## RECORDS PROVIDED
"""

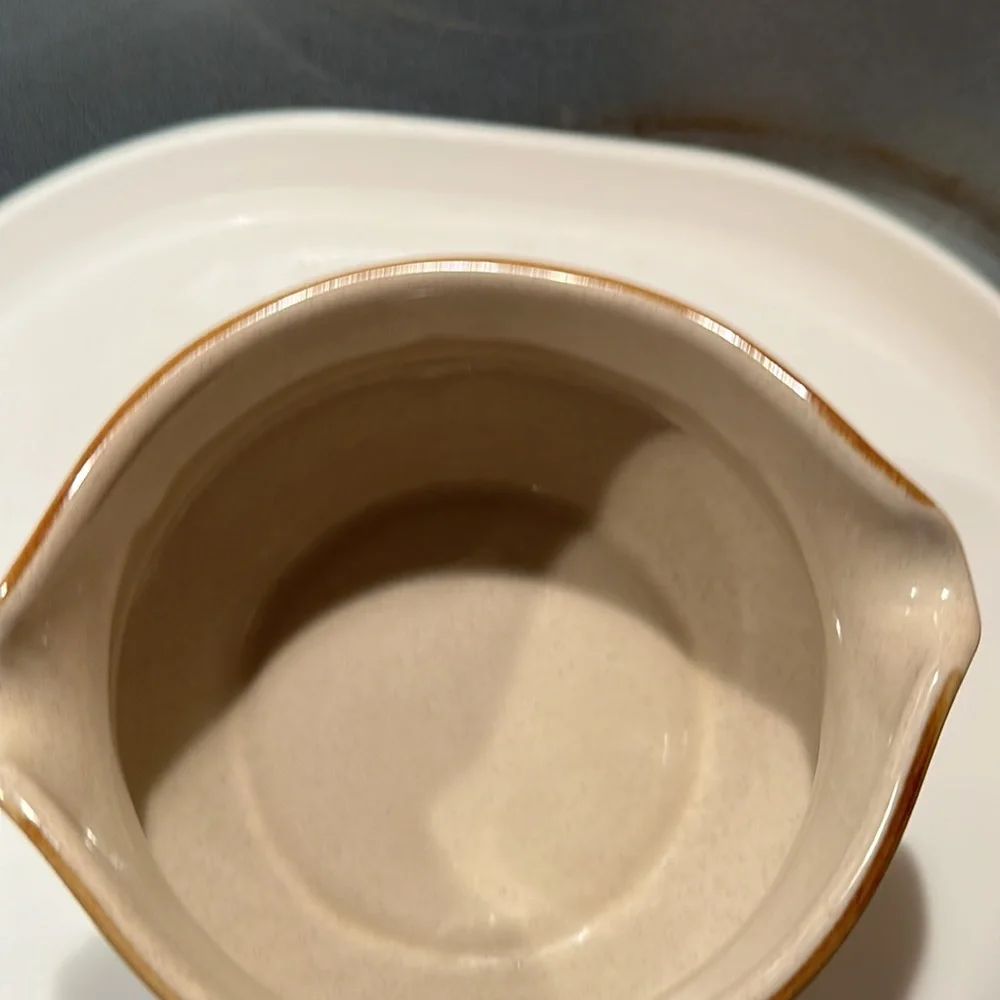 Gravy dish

"""
"""

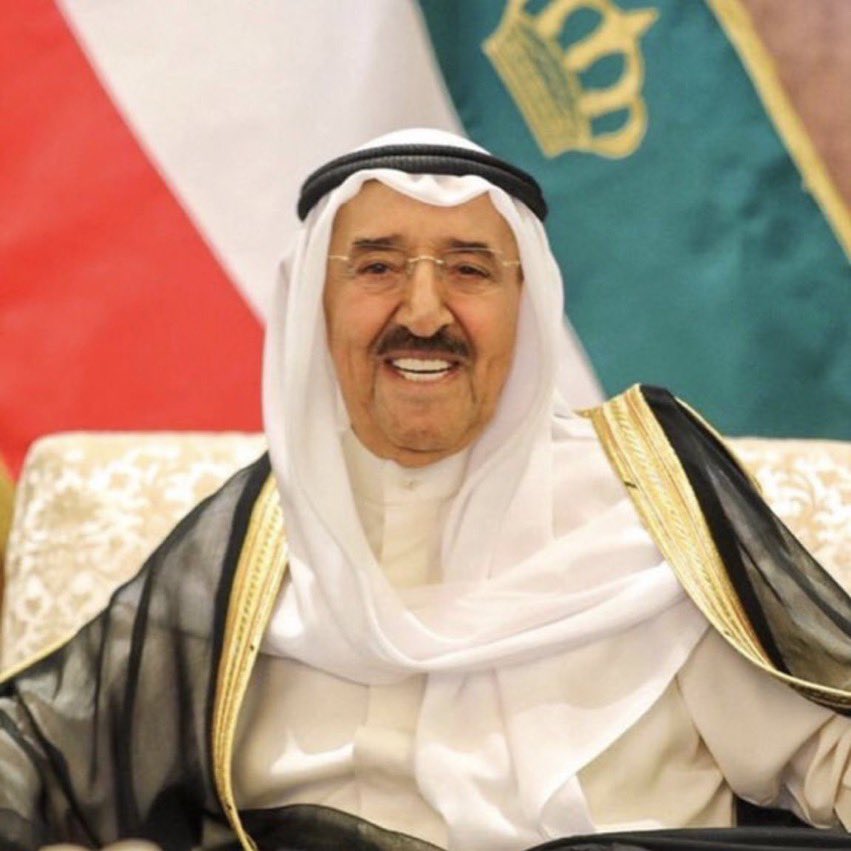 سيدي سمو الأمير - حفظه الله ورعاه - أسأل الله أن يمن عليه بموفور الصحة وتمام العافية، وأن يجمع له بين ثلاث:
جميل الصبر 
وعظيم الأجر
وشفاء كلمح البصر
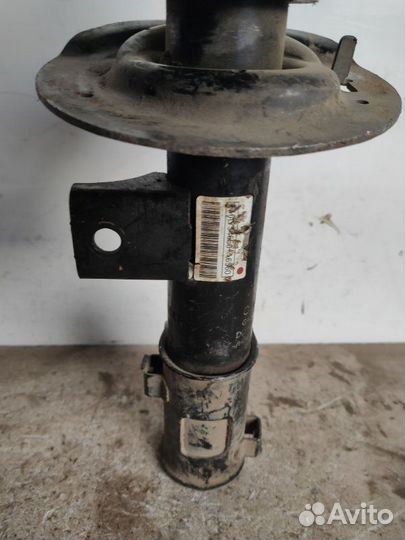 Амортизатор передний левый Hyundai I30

"""
"""

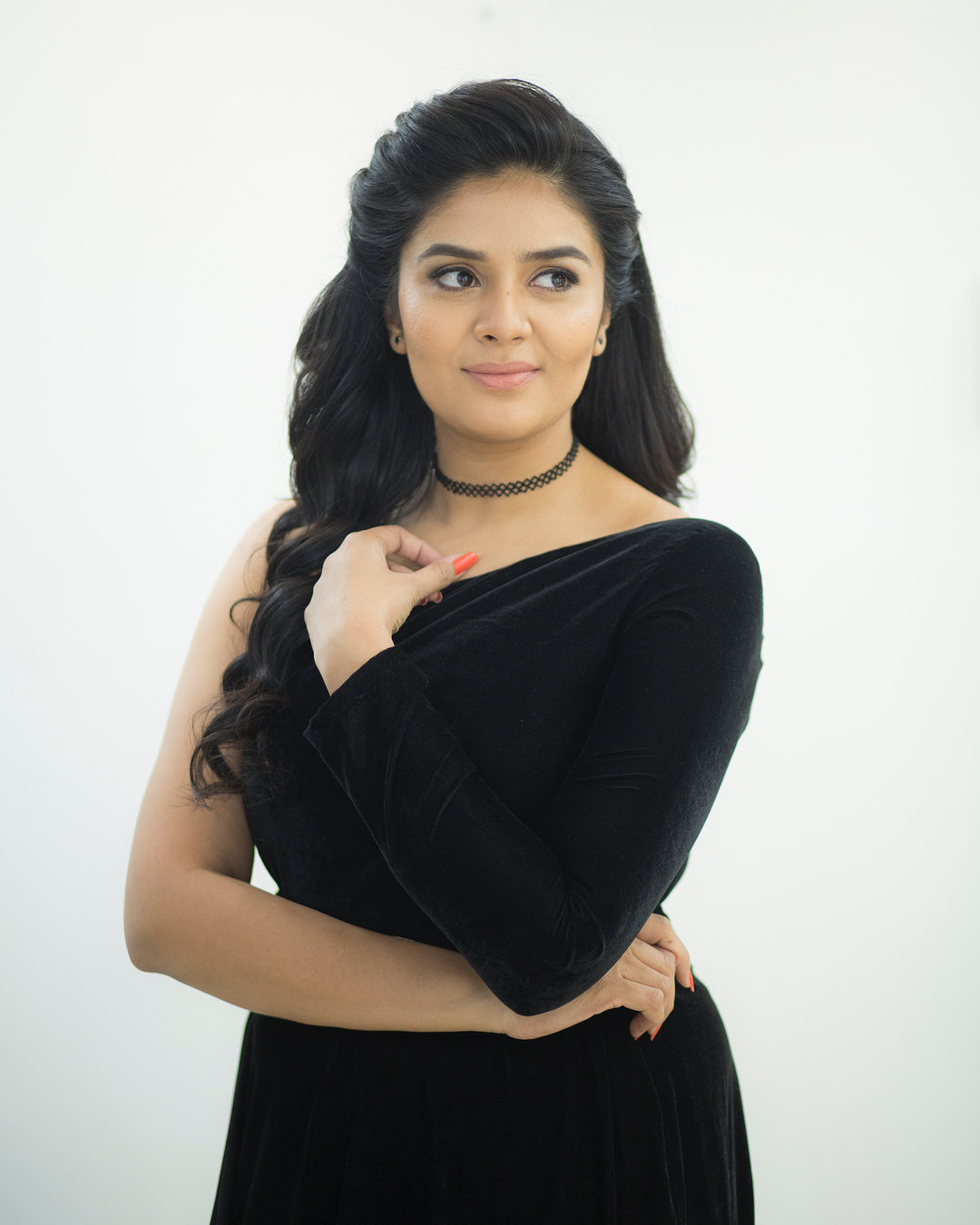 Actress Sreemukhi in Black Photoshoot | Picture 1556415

"""

## WORK TO BE COMPLETED
Each line above starting at the one holding "وشفاء كلمح البصر" and ending at the one holding "Амортизатор передний левый Hyundai I30" should be set down exactly as it stands, both ends included, with no pictures.

## ANSWER BOX
وشفاء كلمح البصر
 Амортизатор передний левый Hyundai I30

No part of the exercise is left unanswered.